Пустая рама
16 мая 2026 г., 14:08
Константин оставил саквояж у лестницы. Он был мокрый, жалкий, с торчащей из незакрытого замка рубашкой, и пошел исследовать свое наследство.
Правая дверь дверь вела в гостиную. Он толкнул ее, та подалась с неохотным скрипом, словно не хотела впускать чужака, и вошел. Комната была большой, с высоким потолком и двумя окнами, выходящими в сад. Точнее, в то, что когда-то было садом, а теперь представляло собой заросли ежевики, одичавшего шиповника и каких-то неизвестных ему кустарников, сплетающихся в непроходимую стену. Парень мысленно оставил пометку в голове, что стоит запечатлеть кусты на холсте. Мебель стояла под белыми, но пожелтевшими от времени и пыли чехлах, что в полумраке комнаты они напоминали призраков, застывших в неестественных позах. Камин холодный, темный, со слоем золы, оставшейся, возможно, с прошлой зимы, а может, и с позапрошлой, если не позже. На каминной полке стояли часы, остановившиеся, с потемневшим циферблатом, и две фарфоровые вазы, в одной из которых до сих пор торчали сухие стебли каких-то цветов.
Костя прошел через гостиную, касаясь пальцами спинок стульев, края стола, холодного камина. Пыль оставалась на его пальцах, и он машинально вытер руку о пальто, хотя это было бессмысленно, пальто было грязнее любой пыли в этом доме.

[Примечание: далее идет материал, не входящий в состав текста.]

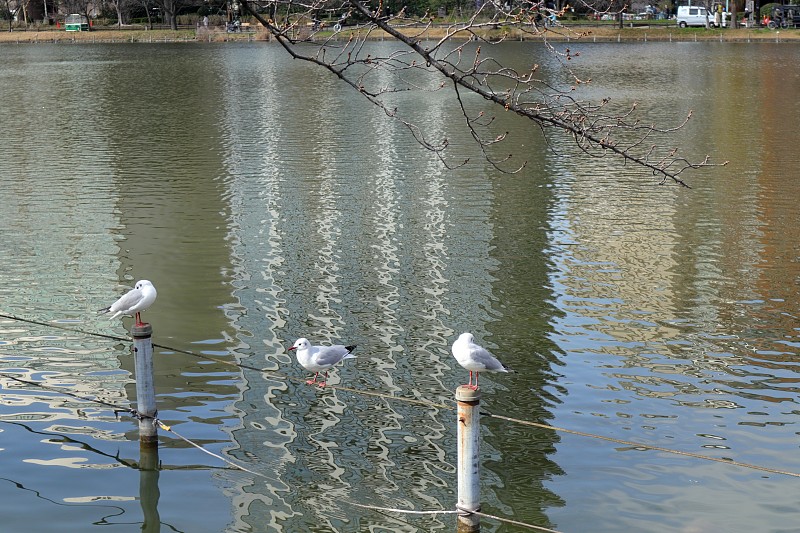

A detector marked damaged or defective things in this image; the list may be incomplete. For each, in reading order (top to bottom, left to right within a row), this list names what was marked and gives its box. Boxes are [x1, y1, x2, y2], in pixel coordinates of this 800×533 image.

rusty metal post [133, 322, 158, 446]
rusty metal post [456, 384, 482, 528]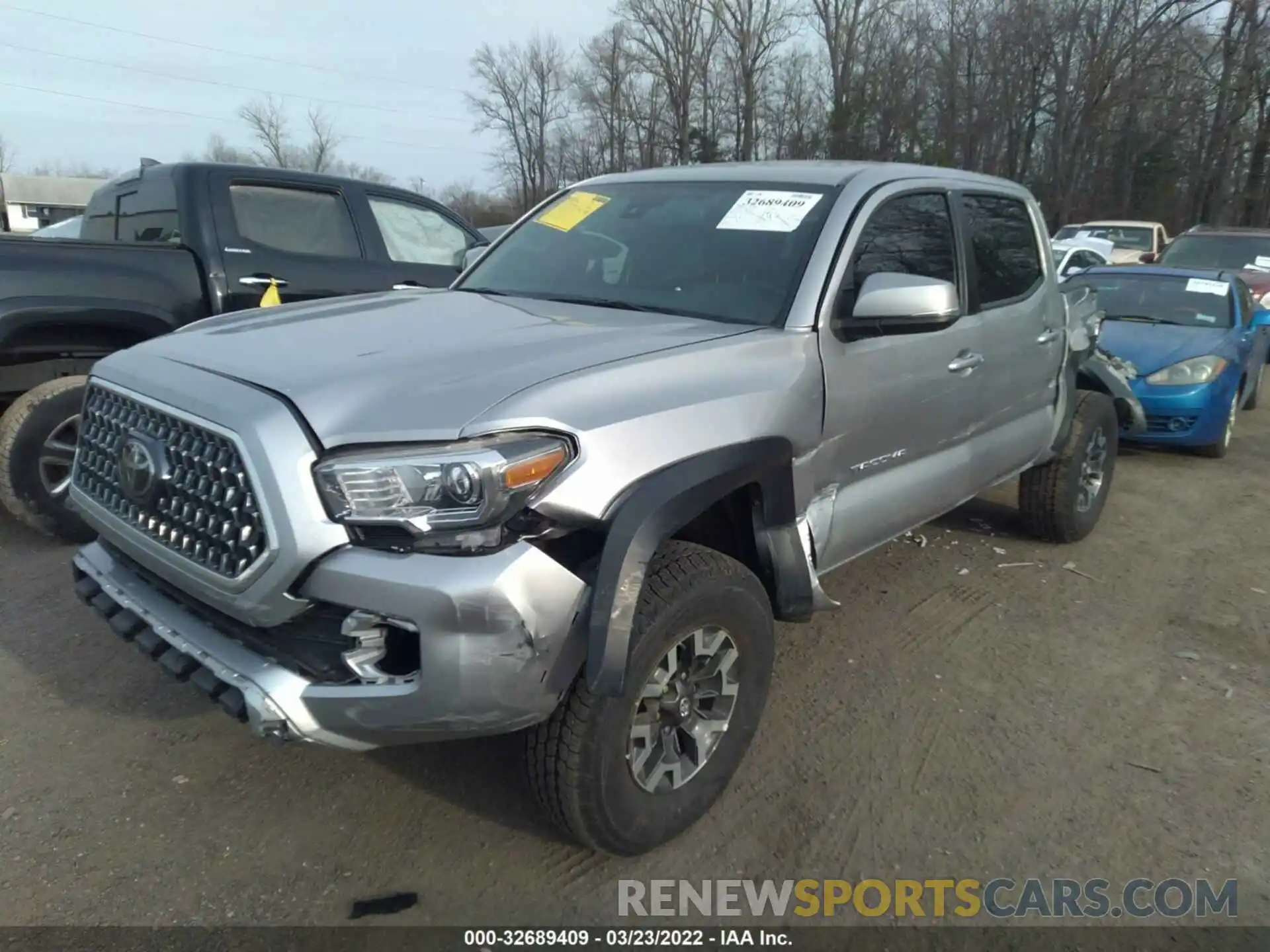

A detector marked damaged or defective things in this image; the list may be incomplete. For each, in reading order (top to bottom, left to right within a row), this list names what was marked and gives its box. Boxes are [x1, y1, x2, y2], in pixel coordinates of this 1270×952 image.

Дальше была столовая. Длинный стол, накрытый скатертью, которая когда-то, наверное, была белой, а теперь напоминала цветом старую кость, даже рисунок выцвел. Стулья с высокими спинками, расставлены ровно, словно ждали гостей, которые так и не пришли. Буфет с посудой, он подошел ближе и увидел сквозь мутное стекло дверцы ряды тарелок с тонким синим узором по краю. Китайский фарфор, предположил он, ведь никогда не разбирался в таких вещах. Это выглядело дорого. Выглядело так, как не должно выглядеть что-то принадлежащее ему, Константину, художнику без единого гроша в кармане, который еще вчера искал по тумбочкам тюбик белил и мечтал о куске хлеба.
Он хмыкнул, и этот звук в пустой столовой прозвучал почти кощунственно.
— Китайский фарфор, — сказал он вслух, пробуя слова на вкус. — У меня есть китайский фарфор. И столовая. И гостиная. И, кажется, библиотека.
Библиотека оказалась дальше по коридору. Костя открыл дверь и замер на пороге, забыв, как дышать.
Это была не просто комната с книгами. Это был какой-то храм книг. Два этажа в высоту, с галереей по периметру, на которую вела узкая винтовая лесенка в углу. Стеллажи уходили вверх, к самому потолку, и были заполнены книгами, сотнями, тысячами книг в кожаных переплетах, с золотым тиснением на корешках, с потемневшими от времени страницами. В центре комнаты стоял массивный стол для чтения, на нем лампа с зеленым абажуром и раскрытая книга, словно кто-то только что вышел и собирался вернуться. У стены кожаное кресло с высокой спинкой, продавленное, принявшее форму тела того, кто сидел в нем долгими вечерами. На полу толстый ковер, выцветший, но все еще хранящий следы сложного восточного узора.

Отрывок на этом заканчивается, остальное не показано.